Bien qu’ils partagent à nouveau le même siège au boulevard de l’Empereur, les socialistes du nord et du sud du pays sont en fait devenus deux partis très différents. Pour le politologue de l’ULB, Pascal Delwit, il est évident que le PS et Vooruit “présentent deux profils idéologiques et programmatiques différents. Le PS reste très ancré sur les questions sociales – salaires, pensions, conditions de travail, etc. – alors que Vooruit, à la charnière des 20e et 21e siècles déjà, a changé de focale et de profil électoral. Il est moins profilé que le PS sur la question sociale”.
Un parti du centre
Et même s’il se situe à gauche dans l’ensemble du paysage politique flamand, “Vooruit est un parti centriste” en comparaison des partis francophones. “Je dirais même qu’il est difficile de définir avec clarté la focale actuelle de Vooruit”, estime le politologue. Pascal Delwit précise aussi que lors du scrutin de 2024, on voit clairement quelles seront les victoires que défendra le PS – à savoir “l’augmentation de la pension minimum et le fait qu’on n’ait pas touché à l’index” – alors que “pour Vooruit, c’est moins clair”.

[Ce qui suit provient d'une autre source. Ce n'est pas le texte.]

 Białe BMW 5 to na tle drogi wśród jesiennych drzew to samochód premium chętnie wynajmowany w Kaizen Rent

Selon le politologue, Vooruit suit la même voie que celle prise par le SP.A. (son ancien nom) en 2002-2003 en s’appuyant sur un leader charismatique – Patrick Janssens à l’époque, Conner Rousseau aujourd’hui. “Rousseau écrase tout sur les réseaux sociaux. Il a d’abord été chef de groupe au Parlement flamand, il est devenu président alors qu’il était encore un parfait inconnu ou presque.” Néanmoins, à la différence de l’époque de la présidence de Patrick Janssens qui pouvait s’appuyer sur d’autres personnalités fortes comme Steve Stevaert, Johan Vande Lanotte, etc., aujourd’hui au sein du parti “on ne voit pas émerger d’autres figures ou une nouvelle génération”.

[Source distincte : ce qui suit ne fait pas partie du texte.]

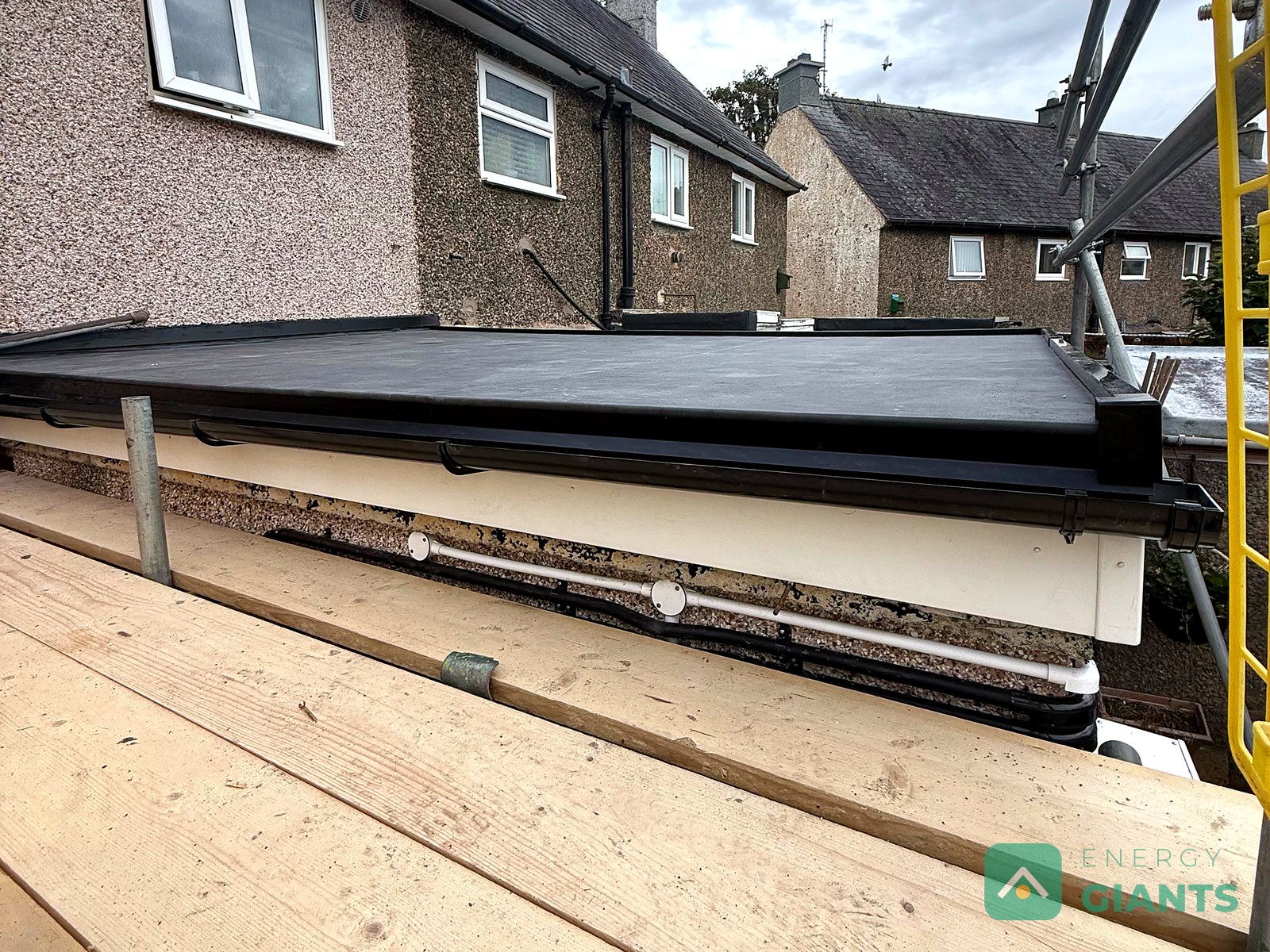 The EPDM membrane dressed down over a new white edge trim at the eaves of the extension roof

À l’exception certes de Frank Vandenbroucke, mais ce dernier n’incarne pas vraiment l’avenir. “Le choix de Vandenbroucke comme ministre de la Santé était logique à l’époque, c’était un choix marqué par le moment, à savoir la gestion d’une pandémie. Vandenbroucke, depuis un certain nombre d’années, incarne l’aile droite du parti”. Pascal Delwit se demande même si les déclarations récentes de ce dernier ne vont pas faire perdre à Vooruit “ce qui lui reste encore d’électorat ouvrier”.
L’exception louvaniste
De fait, l’électorat des socialistes flamands a évolué avec le temps. “Là où le PS a encore une densité opérationnelle importante, même si elle n’est plus aussi forte qu’avant, avec un ancrage municipal plus fort, l’électorat de Vooruit a bougé”, explique encore Pascal Delwit. Le politologue précise que, “par le passé, le vote pour le SP.A était très marqué du côté d’Anvers, de Gand et de Malines. Désormais il est devenu plus périphérique avec des scores plus importants en Flandre occidentale et en partie dans le Limbourg”. Néanmoins, même dans ces deux provinces, Vooruit a perdu des maïorats. “En 2018, le SP.A a été saigné aux communales avec les pertes d’Ostende, de Bruges et d’Hasselt, en plus de Gand”. Il reste cependant l’exception louvaniste, mais “cela ne percole pas pour autant pour l’ensemble de la province du Brabant flamand”.
Et Bruxelles alors ? “Historiquement, le parti avait de la consistance dans les communes du nord de Bruxelles. Il y a cependant une diminution tendancielle de la population néerlandophone dans ces communes et puis le parti a misé sur un leader comme Pascal Smets qui a délaissé les milieux ouvriers du nord de Bruxelles”.